--- ENTRIES SUPPLIED ---

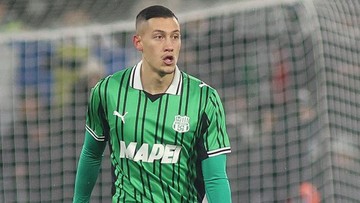 Jay Idzes Siap Comeback, Sassuolo Jemput Fiorentina di Serie A
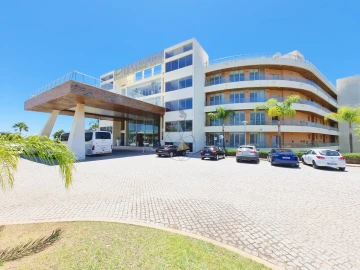 Apartamento T1 para Venda em Albufeira e Olhos de Água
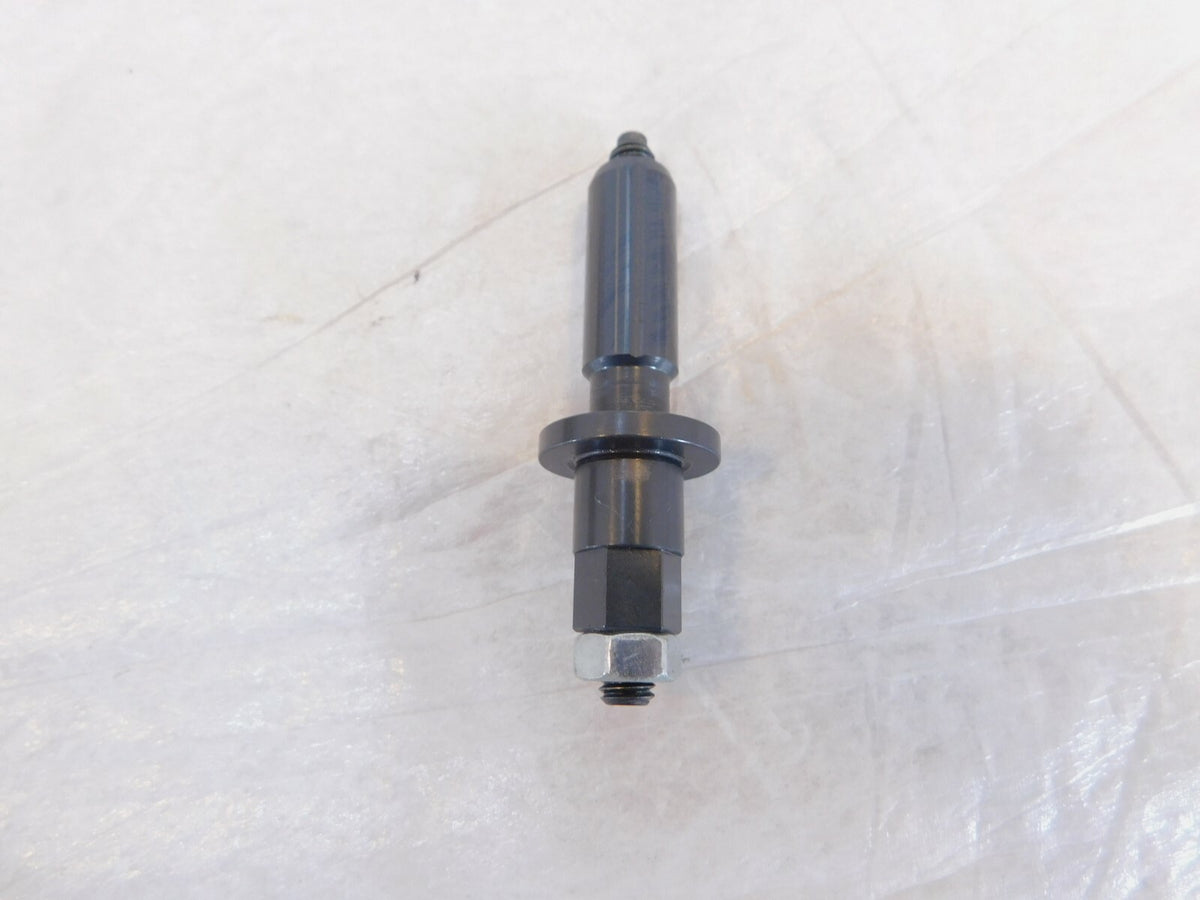 BMW S1000RR S1000R S1000 HP4 Clutch Release Thrust Adapter Pushrod Push Pin Rod - C3 Cycle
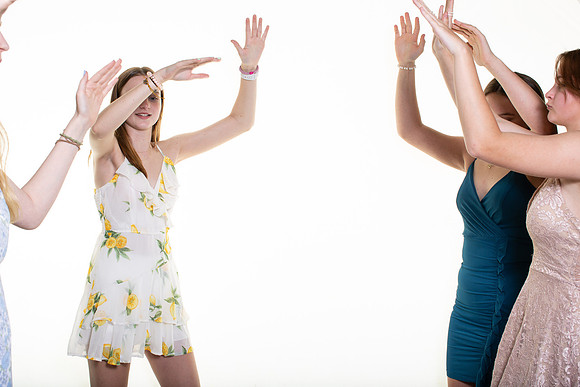 8th grade dance 2022-196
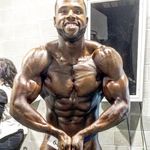 Sean' Tray Bryson IPE PRO - @seantray96_ipepro - Instagram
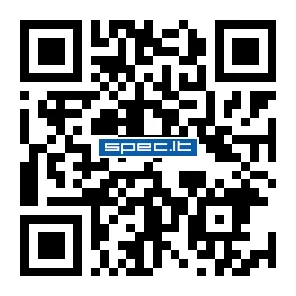 QR kodas | K. Voronin, IĮ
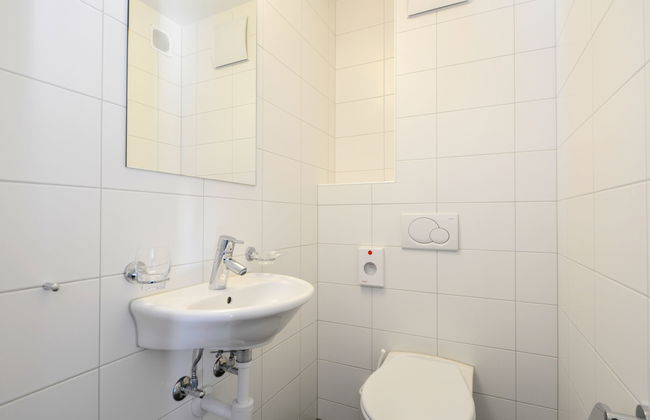 Surses Alpin - Foto 13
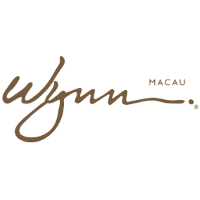 Wynn Macau Ltd Logo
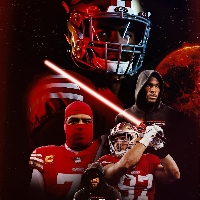 San Francisco Fan
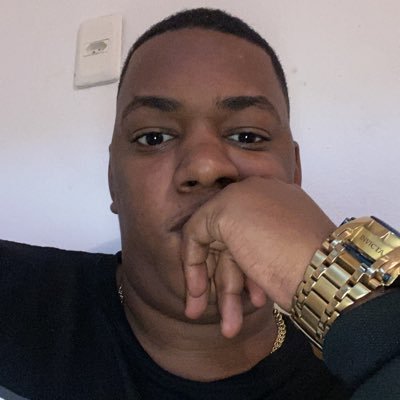 DjRenatinhooo's profile picture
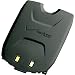 AUDIOVOX UTSTARCOM C711 850 mAh STD BAT NIC
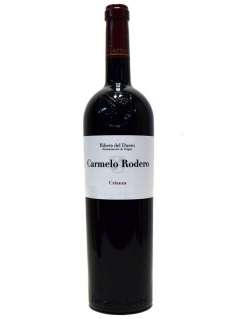 Crno vino Carmelo Rodero  (Magnum)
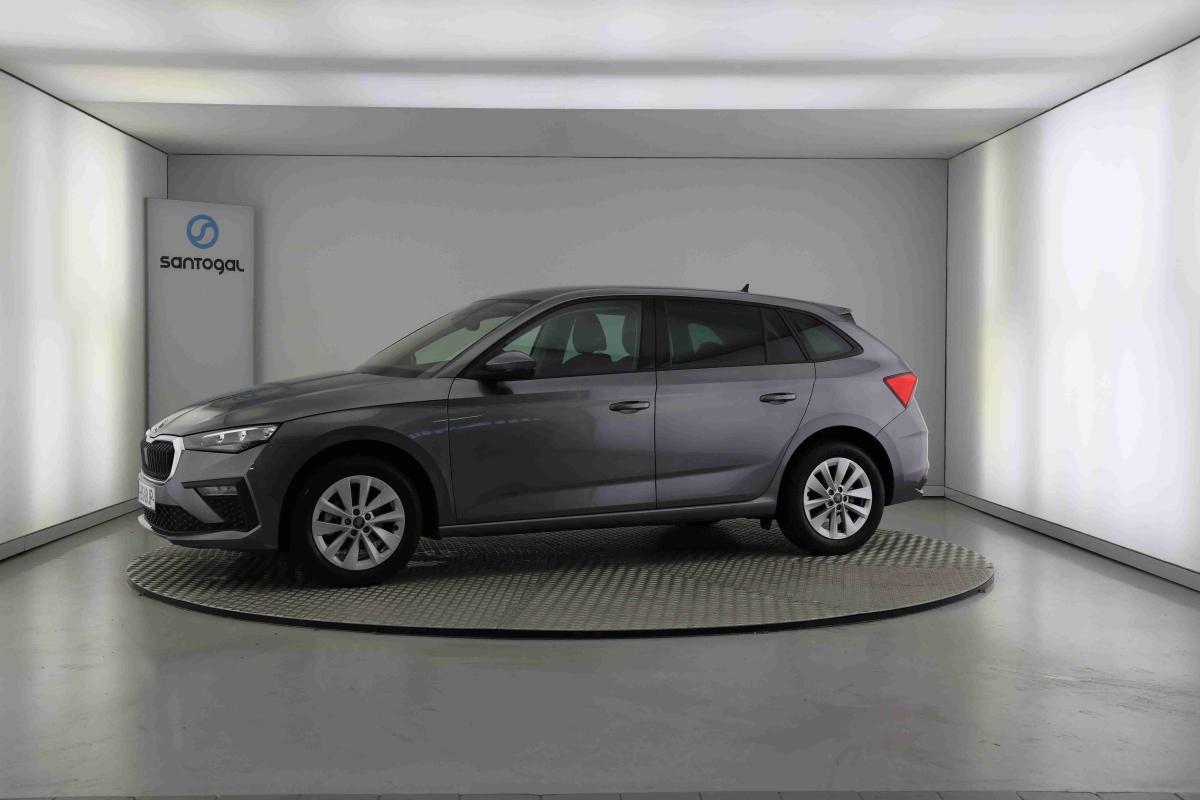 skoda-scala-2025-gasolina-999cc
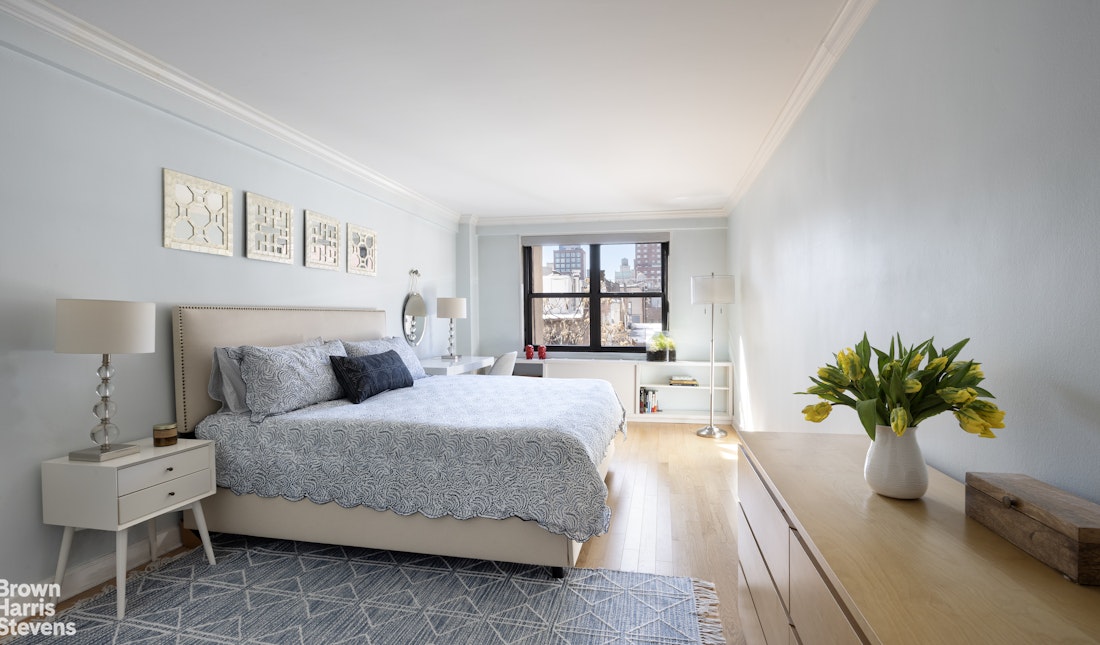 200 East 27th Street 6R Kips Bay New York NY 10016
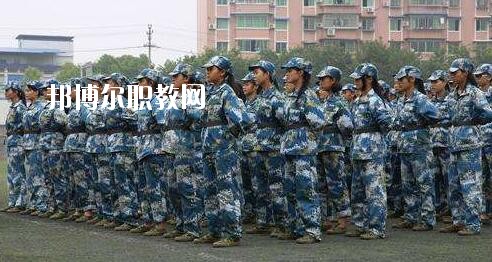 重慶2021年男生學什么衛(wèi)校好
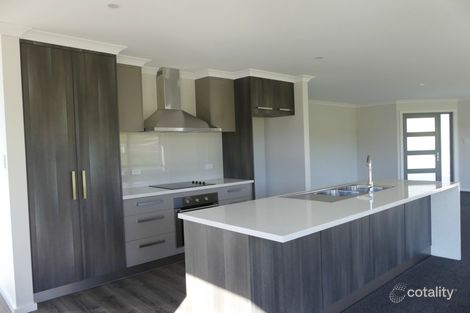 Property photo of 1 Marlendy Drive Deloraine TAS 7304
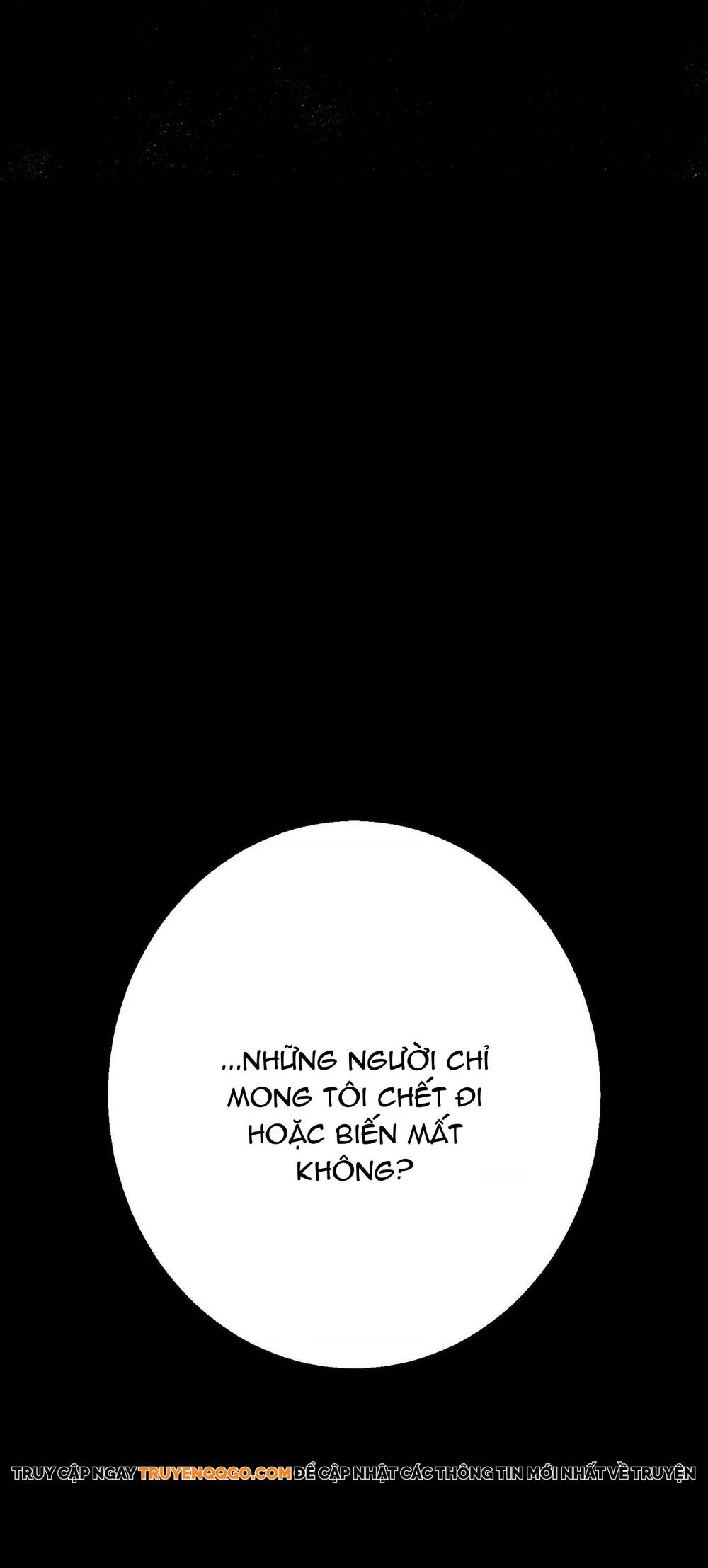 Gửi Lời Chúc Phúc Của Melt Tới Người Chap 46 - Next Chap 47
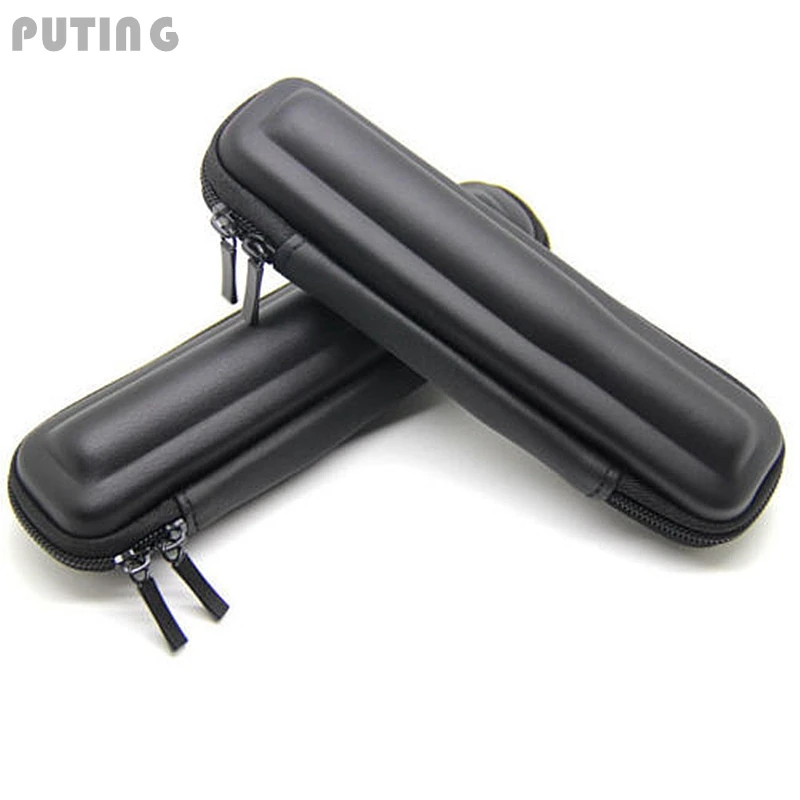 EVA Zipper Electronic Vape E Pen Cigarettes Hard Tool Case Ego Long Sleeve Shell LTT9211
EVA Zipper Electronic Vape E Pen Cigarettes Hard Tool Case Ego Long Sleeve Shell LTT9211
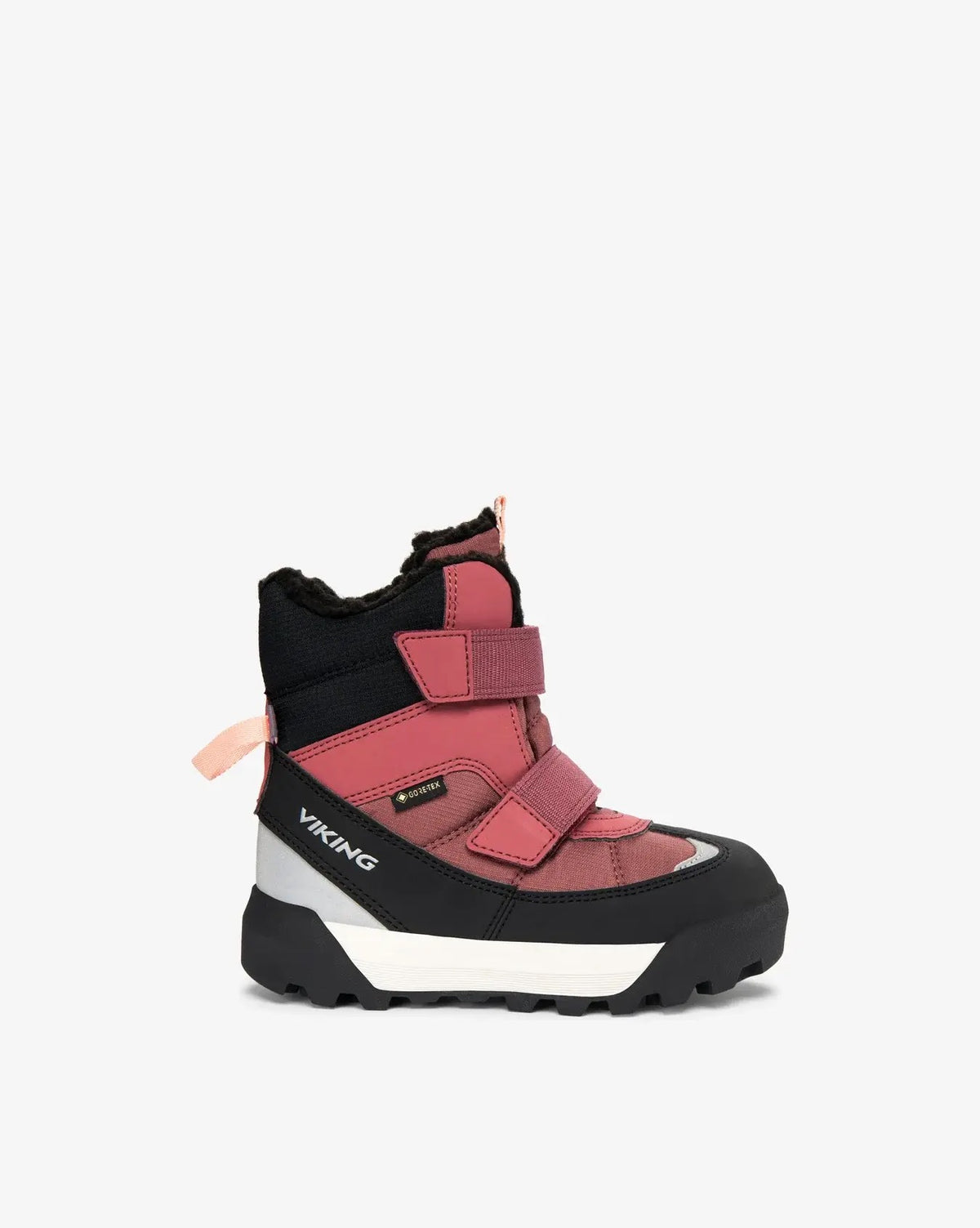 Viking Expower Warm GTX 2V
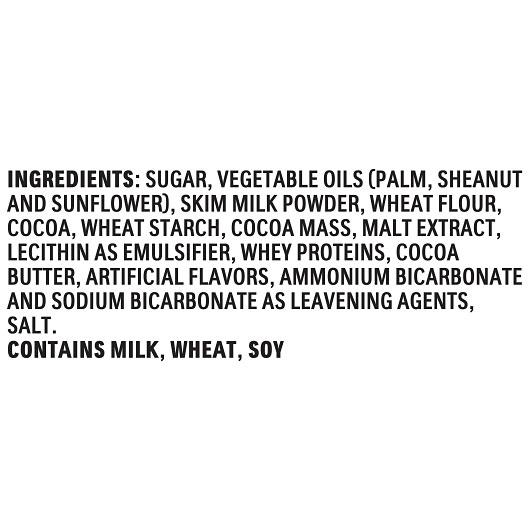 Product gallery 274034659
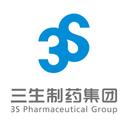 3SBio Inc.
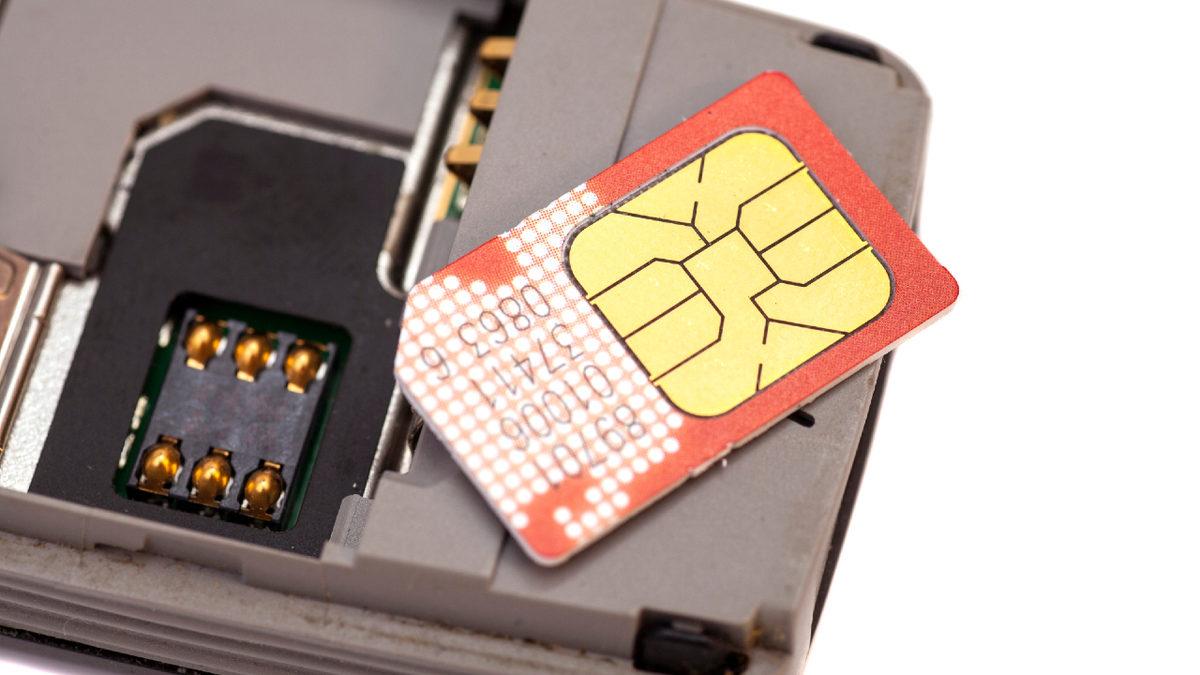 Tamamen Duygusal: Ülkemize Mobil İnterneti Getiren Telsim’in İflasa Kadar Giden Hikâyesi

---

**WHAT YOU NEED TO DO**
Your answer must be an exact reproduction of all entries, containing no pictures.

**TASK ANSWER**
 Jay Idzes Siap Comeback, Sassuolo Jemput Fiorentina di Serie A
 Apartamento T1 para Venda em Albufeira e Olhos de Água
 BMW S1000RR S1000R S1000 HP4 Clutch Release Thrust Adapter Pushrod Push Pin Rod - C3 Cycle
 8th grade dance 2022-196
 Sean' Tray Bryson IPE PRO - @seantray96_ipepro - Instagram
 QR kodas | K. Voronin, IĮ
 Surses Alpin - Foto 13
 Wynn Macau Ltd Logo
 San Francisco Fan
 DjRenatinhooo's profile picture
 AUDIOVOX UTSTARCOM C711 850 mAh STD BAT NIC
 Crno vino Carmelo Rodero  (Magnum)
 skoda-scala-2025-gasolina-999cc
 200 East 27th Street 6R Kips Bay New York NY 10016
 重慶2021年男生學什么衛(wèi)校好
 Property photo of 1 Marlendy Drive Deloraine TAS 7304
 Gửi Lời Chúc Phúc Của Melt Tới Người Chap 46 - Next Chap 47
 EVA Zipper Electronic Vape E Pen Cigarettes Hard Tool Case Ego Long Sleeve Shell LTT9211
EVA Zipper Electronic Vape E Pen Cigarettes Hard Tool Case Ego Long Sleeve Shell LTT9211
 Viking Expower Warm GTX 2V
 Product gallery 274034659
 3SBio Inc.
 Tamamen Duygusal: Ülkemize Mobil İnterneti Getiren Telsim’in İflasa Kadar Giden Hikâyesi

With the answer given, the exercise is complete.